Assigned task
Beginning with the opening line of the entries, return every line through the one containing "Every single tea", both included, and nothing else. Omit pictures.
..........
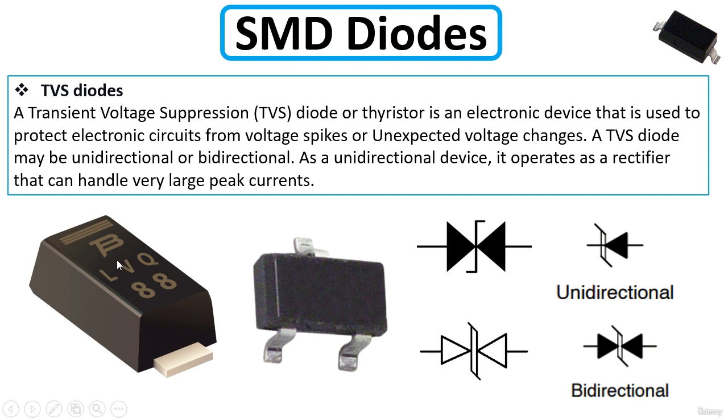TVS diodes protect electronic circuits from unexpected voltage changes. You can find them as a normal two-terminal diode or in a three-pin package. This symbol shows two diodes for the bidirectional TVS, while a single diode symbol represents the unidirectional TVS.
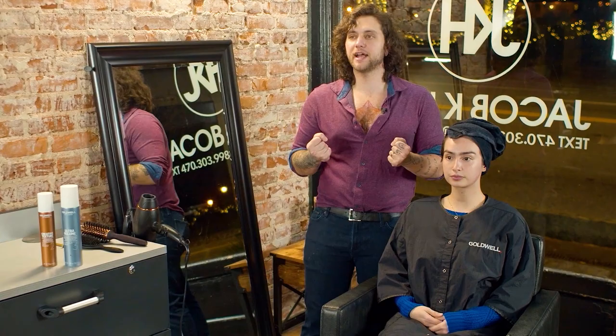We've got her shampooed and I actually used just smooth shampoo and conditioner, even though we're looking for a finish that has volume. She has a coarser textured hair, so I'm just prepping that to soften the texture a little bit.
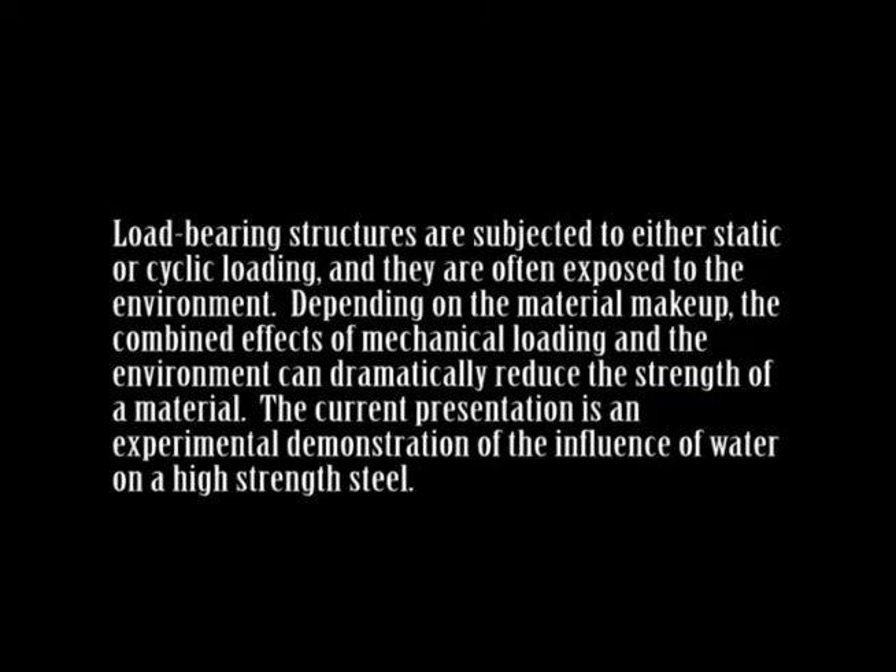Load bearing structures are subjected to either static or cyclic loading, and they are often exposed to the environment. Depending on the material makeup, the combined effects of mechanical loading and the environment can dramatically reduce the strength of a material. The current presentation is an experimental demonstration of the influence of water on a high strength steel.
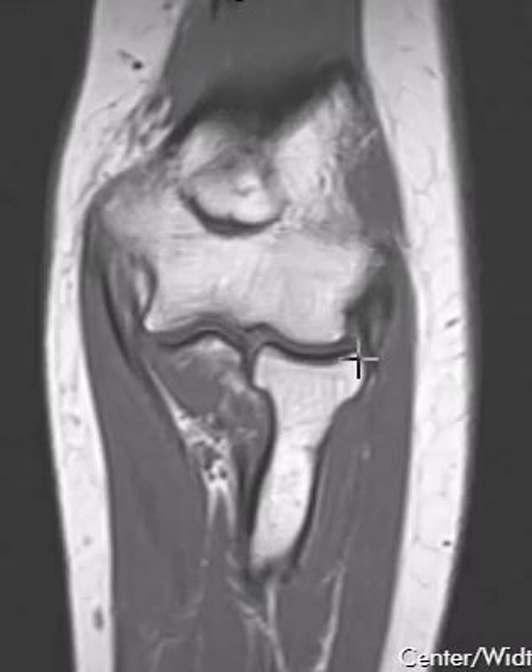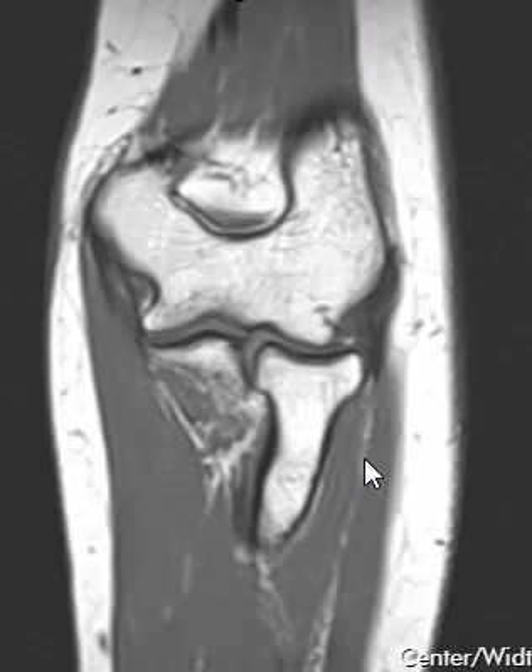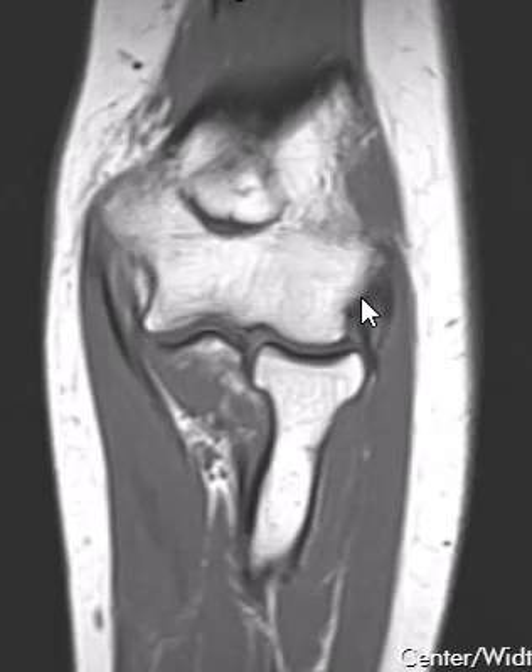Now we're going to go back to the middle cut. We have the inner side of the elbow joint where the body would be, and over here is the outside of the elbow joint, where the common extensor tendon is located. If we follow this gray muscle — all this gray is muscle — we follow it up, and it all comes together to a common extensor tendon right here, which attaches on this bone.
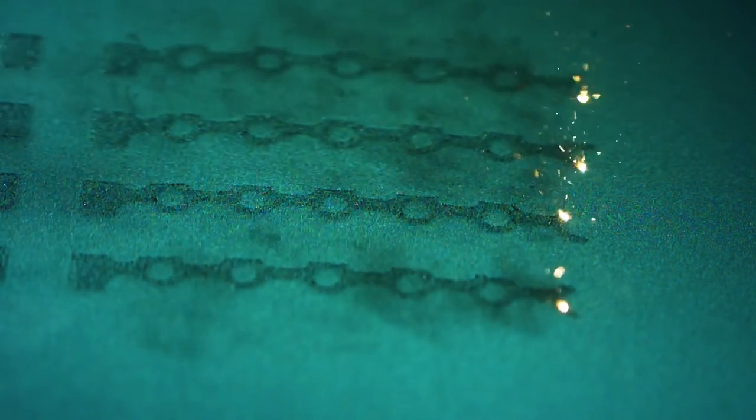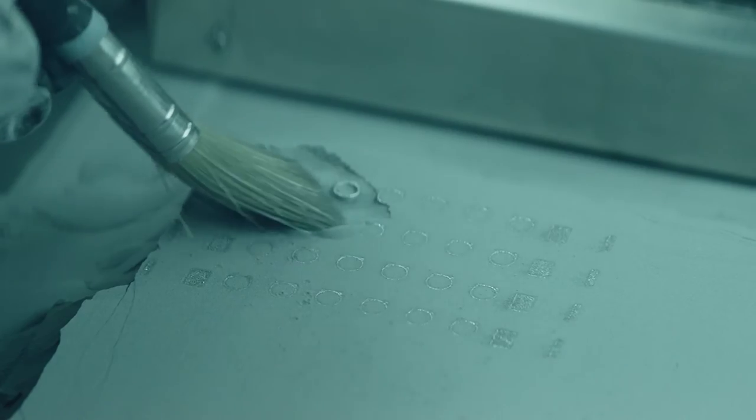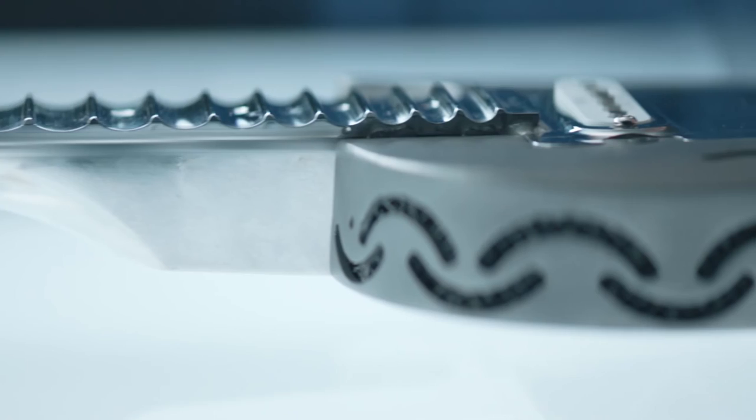The benefit is that you can create completely new kinds of designs which isn't possible with conventional metal cutting today. The remaining powder after the printing will be reused for another print.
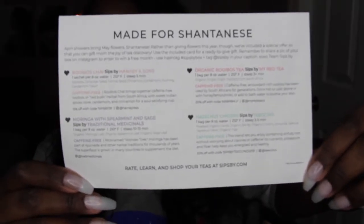Every single tea they gave me is caffeine free. I'll read the card as I pull out each tea. The first tea is Traditional Medicinals herbal tea with spearmint and sage.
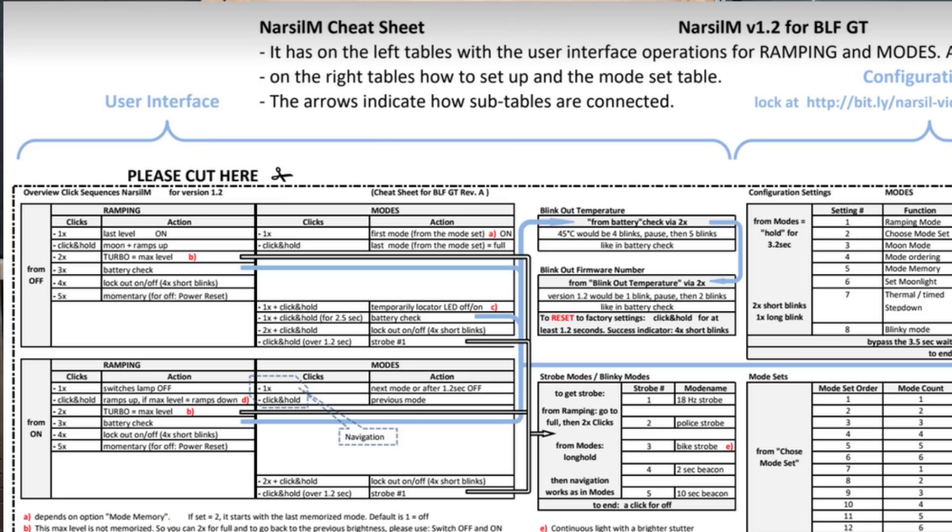One other thing I encourage you to check out is Joe China's cheat sheet. He's made this so you can print it off, roll it up, and stick it in the tail cap of your light so you don't have to remember all that stuff. Super thanks to everybody that's worked on this project — Team Giggles, anyone who's contributed to Lumentop for delivering an amazing product at an excellent price. I really appreciate you guys. For more videos like this, be sure to subscribe. Thanks for watching. Good luck.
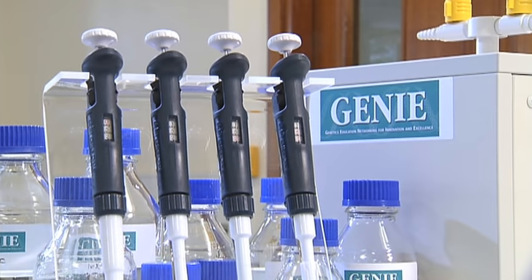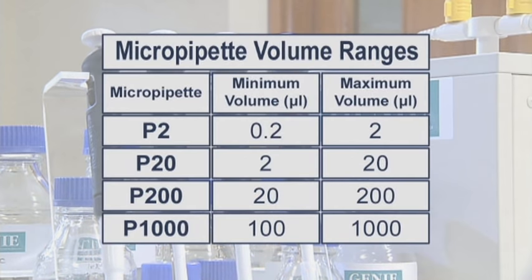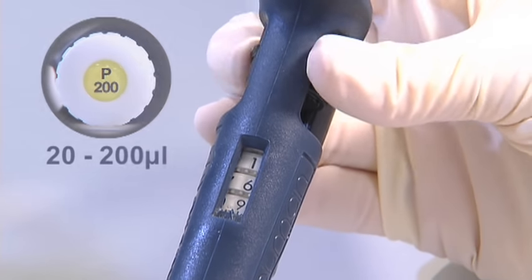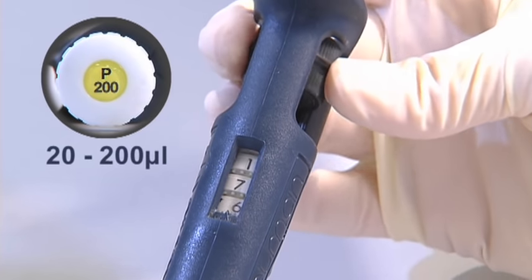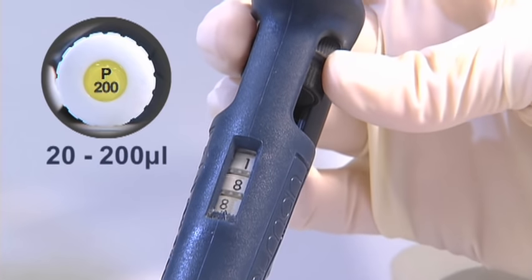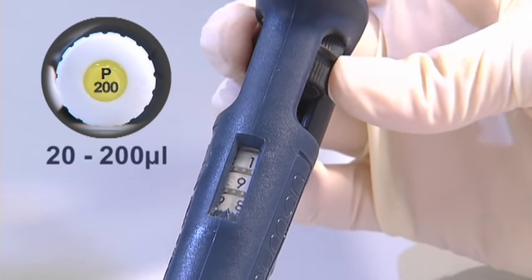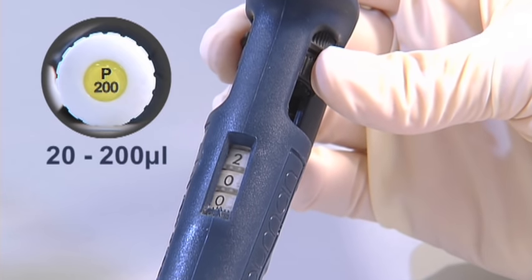A pipette is an expensive precision instrument. Improper use will damage the pipette, so correct use is essential. You should never use a pipette to measure volumes outside of its range. For example, using a P200 to pipette lower volumes such as 10 microlitres or higher volumes such as 250 microlitres will result in inaccurate volume measurements and will damage the internal mechanism of the pipette.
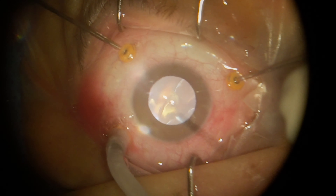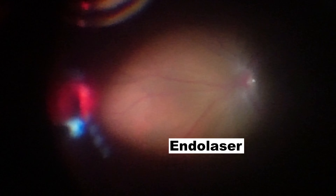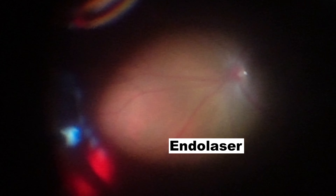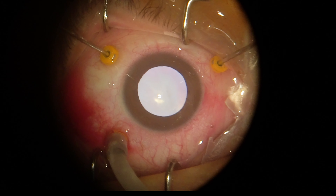I like injecting Perfluorocarbon (PFC) to make sure the retina will stay attached and stable. The laser has very good uptake now with PFC, and I do it peripherally as well.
..........
Response
TVS diodes protect electronic circuits from unexpected voltage changes. You can find them as a normal two-terminal diode or in a three-pin package. This symbol shows two diodes for the bidirectional TVS, while a single diode symbol represents the unidirectional TVS.
We've got her shampooed and I actually used just smooth shampoo and conditioner, even though we're looking for a finish that has volume. She has a coarser textured hair, so I'm just prepping that to soften the texture a little bit.
Load bearing structures are subjected to either static or cyclic loading, and they are often exposed to the environment. Depending on the material makeup, the combined effects of mechanical loading and the environment can dramatically reduce the strength of a material. The current presentation is an experimental demonstration of the influence of water on a high strength steel.
Now we're going to go back to the middle cut. We have the inner side of the elbow joint where the body would be, and over here is the outside of the elbow joint, where the common extensor tendon is located. If we follow this gray muscle — all this gray is muscle — we follow it up, and it all comes together to a common extensor tendon right here, which attaches on this bone.
The benefit is that you can create completely new kinds of designs which isn't possible with conventional metal cutting today. The remaining powder after the printing will be reused for another print.
Every single tea they gave me is caffeine free. I'll read the card as I pull out each tea. The first tea is Traditional Medicinals herbal tea with spearmint and sage.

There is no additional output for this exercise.